• Work order:
Copy out the full set of records. Keep every word the same.

*-*-*

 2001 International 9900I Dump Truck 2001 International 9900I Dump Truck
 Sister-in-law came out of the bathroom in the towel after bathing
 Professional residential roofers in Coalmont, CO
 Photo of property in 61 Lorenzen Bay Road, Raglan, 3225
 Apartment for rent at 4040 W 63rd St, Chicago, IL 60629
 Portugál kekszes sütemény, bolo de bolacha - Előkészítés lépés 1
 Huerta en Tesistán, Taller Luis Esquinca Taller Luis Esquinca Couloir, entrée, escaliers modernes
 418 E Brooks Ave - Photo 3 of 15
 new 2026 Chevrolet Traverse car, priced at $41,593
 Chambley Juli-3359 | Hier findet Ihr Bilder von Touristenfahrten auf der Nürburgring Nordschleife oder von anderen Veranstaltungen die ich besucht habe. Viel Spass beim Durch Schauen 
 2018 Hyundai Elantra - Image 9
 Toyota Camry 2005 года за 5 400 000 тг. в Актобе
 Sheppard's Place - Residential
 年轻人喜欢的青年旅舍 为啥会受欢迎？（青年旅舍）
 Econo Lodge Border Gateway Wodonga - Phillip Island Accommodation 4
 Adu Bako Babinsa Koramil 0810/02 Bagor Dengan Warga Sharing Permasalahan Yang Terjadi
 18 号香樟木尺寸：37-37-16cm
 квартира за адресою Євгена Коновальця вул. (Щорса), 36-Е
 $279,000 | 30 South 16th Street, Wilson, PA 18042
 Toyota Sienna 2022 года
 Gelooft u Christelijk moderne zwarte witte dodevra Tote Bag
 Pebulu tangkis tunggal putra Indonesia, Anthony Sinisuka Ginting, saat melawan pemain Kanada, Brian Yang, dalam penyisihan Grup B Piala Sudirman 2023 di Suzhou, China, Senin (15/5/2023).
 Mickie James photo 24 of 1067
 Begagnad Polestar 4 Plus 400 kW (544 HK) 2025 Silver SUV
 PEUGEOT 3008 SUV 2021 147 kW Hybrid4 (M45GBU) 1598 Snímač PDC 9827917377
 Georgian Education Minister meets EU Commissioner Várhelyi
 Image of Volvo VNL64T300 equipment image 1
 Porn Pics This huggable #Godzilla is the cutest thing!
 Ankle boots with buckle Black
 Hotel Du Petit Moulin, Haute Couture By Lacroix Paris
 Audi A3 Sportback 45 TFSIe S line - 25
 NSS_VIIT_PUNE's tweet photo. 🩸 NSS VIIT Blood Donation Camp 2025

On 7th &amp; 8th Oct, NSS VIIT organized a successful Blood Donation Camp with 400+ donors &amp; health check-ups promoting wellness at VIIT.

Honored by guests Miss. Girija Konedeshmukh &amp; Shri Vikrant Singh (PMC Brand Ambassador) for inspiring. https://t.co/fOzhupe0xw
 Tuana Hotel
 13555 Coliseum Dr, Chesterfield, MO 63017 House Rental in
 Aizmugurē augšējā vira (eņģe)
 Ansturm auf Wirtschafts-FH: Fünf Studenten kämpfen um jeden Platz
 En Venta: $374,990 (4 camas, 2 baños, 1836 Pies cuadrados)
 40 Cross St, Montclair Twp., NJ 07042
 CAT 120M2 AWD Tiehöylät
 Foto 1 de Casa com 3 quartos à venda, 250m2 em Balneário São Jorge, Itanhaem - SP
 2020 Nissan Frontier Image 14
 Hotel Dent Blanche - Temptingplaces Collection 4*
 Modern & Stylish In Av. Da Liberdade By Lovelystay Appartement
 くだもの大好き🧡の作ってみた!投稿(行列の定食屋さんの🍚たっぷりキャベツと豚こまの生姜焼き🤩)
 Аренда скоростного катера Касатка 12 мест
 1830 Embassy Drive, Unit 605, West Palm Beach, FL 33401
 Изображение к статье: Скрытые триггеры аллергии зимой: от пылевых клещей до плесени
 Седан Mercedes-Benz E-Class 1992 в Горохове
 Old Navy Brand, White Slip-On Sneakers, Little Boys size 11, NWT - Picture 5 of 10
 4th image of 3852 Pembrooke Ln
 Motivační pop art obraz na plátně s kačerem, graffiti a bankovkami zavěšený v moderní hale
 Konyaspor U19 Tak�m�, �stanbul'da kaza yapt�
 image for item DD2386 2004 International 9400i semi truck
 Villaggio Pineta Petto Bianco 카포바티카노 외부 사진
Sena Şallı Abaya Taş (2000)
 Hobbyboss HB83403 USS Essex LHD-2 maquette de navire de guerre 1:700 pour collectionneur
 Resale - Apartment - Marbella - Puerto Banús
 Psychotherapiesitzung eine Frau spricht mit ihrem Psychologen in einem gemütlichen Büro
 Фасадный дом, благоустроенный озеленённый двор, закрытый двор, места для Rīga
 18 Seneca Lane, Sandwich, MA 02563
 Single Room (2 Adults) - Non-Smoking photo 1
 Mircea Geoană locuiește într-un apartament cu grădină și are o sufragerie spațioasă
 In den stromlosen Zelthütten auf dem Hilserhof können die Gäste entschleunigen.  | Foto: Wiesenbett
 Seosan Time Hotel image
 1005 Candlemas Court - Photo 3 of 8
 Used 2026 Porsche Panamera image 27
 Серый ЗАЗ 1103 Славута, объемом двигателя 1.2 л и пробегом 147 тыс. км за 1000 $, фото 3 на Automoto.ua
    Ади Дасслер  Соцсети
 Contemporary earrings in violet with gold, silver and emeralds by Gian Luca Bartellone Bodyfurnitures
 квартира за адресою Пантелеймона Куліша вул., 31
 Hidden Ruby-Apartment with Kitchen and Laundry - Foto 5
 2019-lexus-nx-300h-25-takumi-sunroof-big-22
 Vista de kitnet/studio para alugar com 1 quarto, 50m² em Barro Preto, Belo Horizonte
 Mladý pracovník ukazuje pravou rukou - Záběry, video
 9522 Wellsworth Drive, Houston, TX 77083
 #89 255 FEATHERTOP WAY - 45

*-*-*

• Task solution:
 2001 International 9900I Dump Truck 2001 International 9900I Dump Truck
 Sister-in-law came out of the bathroom in the towel after bathing
 Professional residential roofers in Coalmont, CO
 Photo of property in 61 Lorenzen Bay Road, Raglan, 3225
 Apartment for rent at 4040 W 63rd St, Chicago, IL 60629
 Portugál kekszes sütemény, bolo de bolacha - Előkészítés lépés 1
 Huerta en Tesistán, Taller Luis Esquinca Taller Luis Esquinca Couloir, entrée, escaliers modernes
 418 E Brooks Ave - Photo 3 of 15
 new 2026 Chevrolet Traverse car, priced at $41,593
 Chambley Juli-3359 | Hier findet Ihr Bilder von Touristenfahrten auf der Nürburgring Nordschleife oder von anderen Veranstaltungen die ich besucht habe. Viel Spass beim Durch Schauen 
 2018 Hyundai Elantra - Image 9
 Toyota Camry 2005 года за 5 400 000 тг. в Актобе
 Sheppard's Place - Residential
 年轻人喜欢的青年旅舍 为啥会受欢迎？（青年旅舍）
 Econo Lodge Border Gateway Wodonga - Phillip Island Accommodation 4
 Adu Bako Babinsa Koramil 0810/02 Bagor Dengan Warga Sharing Permasalahan Yang Terjadi
 18 号香樟木尺寸：37-37-16cm
 квартира за адресою Євгена Коновальця вул. (Щорса), 36-Е
 $279,000 | 30 South 16th Street, Wilson, PA 18042
 Toyota Sienna 2022 года
 Gelooft u Christelijk moderne zwarte witte dodevra Tote Bag
 Pebulu tangkis tunggal putra Indonesia, Anthony Sinisuka Ginting, saat melawan pemain Kanada, Brian Yang, dalam penyisihan Grup B Piala Sudirman 2023 di Suzhou, China, Senin (15/5/2023).
 Mickie James photo 24 of 1067
 Begagnad Polestar 4 Plus 400 kW (544 HK) 2025 Silver SUV
 PEUGEOT 3008 SUV 2021 147 kW Hybrid4 (M45GBU) 1598 Snímač PDC 9827917377
 Georgian Education Minister meets EU Commissioner Várhelyi
 Image of Volvo VNL64T300 equipment image 1
 Porn Pics This huggable #Godzilla is the cutest thing!
 Ankle boots with buckle Black
 Hotel Du Petit Moulin, Haute Couture By Lacroix Paris
 Audi A3 Sportback 45 TFSIe S line - 25
 NSS_VIIT_PUNE's tweet photo. 🩸 NSS VIIT Blood Donation Camp 2025

On 7th &amp; 8th Oct, NSS VIIT organized a successful Blood Donation Camp with 400+ donors &amp; health check-ups promoting wellness at VIIT.

Honored by guests Miss. Girija Konedeshmukh &amp; Shri Vikrant Singh (PMC Brand Ambassador) for inspiring. https://t.co/fOzhupe0xw
 Tuana Hotel
 13555 Coliseum Dr, Chesterfield, MO 63017 House Rental in
 Aizmugurē augšējā vira (eņģe)
 Ansturm auf Wirtschafts-FH: Fünf Studenten kämpfen um jeden Platz
 En Venta: $374,990 (4 camas, 2 baños, 1836 Pies cuadrados)
 40 Cross St, Montclair Twp., NJ 07042
 CAT 120M2 AWD Tiehöylät
 Foto 1 de Casa com 3 quartos à venda, 250m2 em Balneário São Jorge, Itanhaem - SP
 2020 Nissan Frontier Image 14
 Hotel Dent Blanche - Temptingplaces Collection 4*
 Modern & Stylish In Av. Da Liberdade By Lovelystay Appartement
 くだもの大好き🧡の作ってみた!投稿(行列の定食屋さんの🍚たっぷりキャベツと豚こまの生姜焼き🤩)
 Аренда скоростного катера Касатка 12 мест
 1830 Embassy Drive, Unit 605, West Palm Beach, FL 33401
 Изображение к статье: Скрытые триггеры аллергии зимой: от пылевых клещей до плесени
 Седан Mercedes-Benz E-Class 1992 в Горохове
 Old Navy Brand, White Slip-On Sneakers, Little Boys size 11, NWT - Picture 5 of 10
 4th image of 3852 Pembrooke Ln
 Motivační pop art obraz na plátně s kačerem, graffiti a bankovkami zavěšený v moderní hale
 Konyaspor U19 Tak�m�, �stanbul'da kaza yapt�
 image for item DD2386 2004 International 9400i semi truck
 Villaggio Pineta Petto Bianco 카포바티카노 외부 사진
Sena Şallı Abaya Taş (2000)
 Hobbyboss HB83403 USS Essex LHD-2 maquette de navire de guerre 1:700 pour collectionneur
 Resale - Apartment - Marbella - Puerto Banús
 Psychotherapiesitzung eine Frau spricht mit ihrem Psychologen in einem gemütlichen Büro
 Фасадный дом, благоустроенный озеленённый двор, закрытый двор, места для Rīga
 18 Seneca Lane, Sandwich, MA 02563
 Single Room (2 Adults) - Non-Smoking photo 1
 Mircea Geoană locuiește într-un apartament cu grădină și are o sufragerie spațioasă
 In den stromlosen Zelthütten auf dem Hilserhof können die Gäste entschleunigen.  | Foto: Wiesenbett
 Seosan Time Hotel image
 1005 Candlemas Court - Photo 3 of 8
 Used 2026 Porsche Panamera image 27
 Серый ЗАЗ 1103 Славута, объемом двигателя 1.2 л и пробегом 147 тыс. км за 1000 $, фото 3 на Automoto.ua
    Ади Дасслер  Соцсети
 Contemporary earrings in violet with gold, silver and emeralds by Gian Luca Bartellone Bodyfurnitures
 квартира за адресою Пантелеймона Куліша вул., 31
 Hidden Ruby-Apartment with Kitchen and Laundry - Foto 5
 2019-lexus-nx-300h-25-takumi-sunroof-big-22
 Vista de kitnet/studio para alugar com 1 quarto, 50m² em Barro Preto, Belo Horizonte
 Mladý pracovník ukazuje pravou rukou - Záběry, video
 9522 Wellsworth Drive, Houston, TX 77083
 #89 255 FEATHERTOP WAY - 45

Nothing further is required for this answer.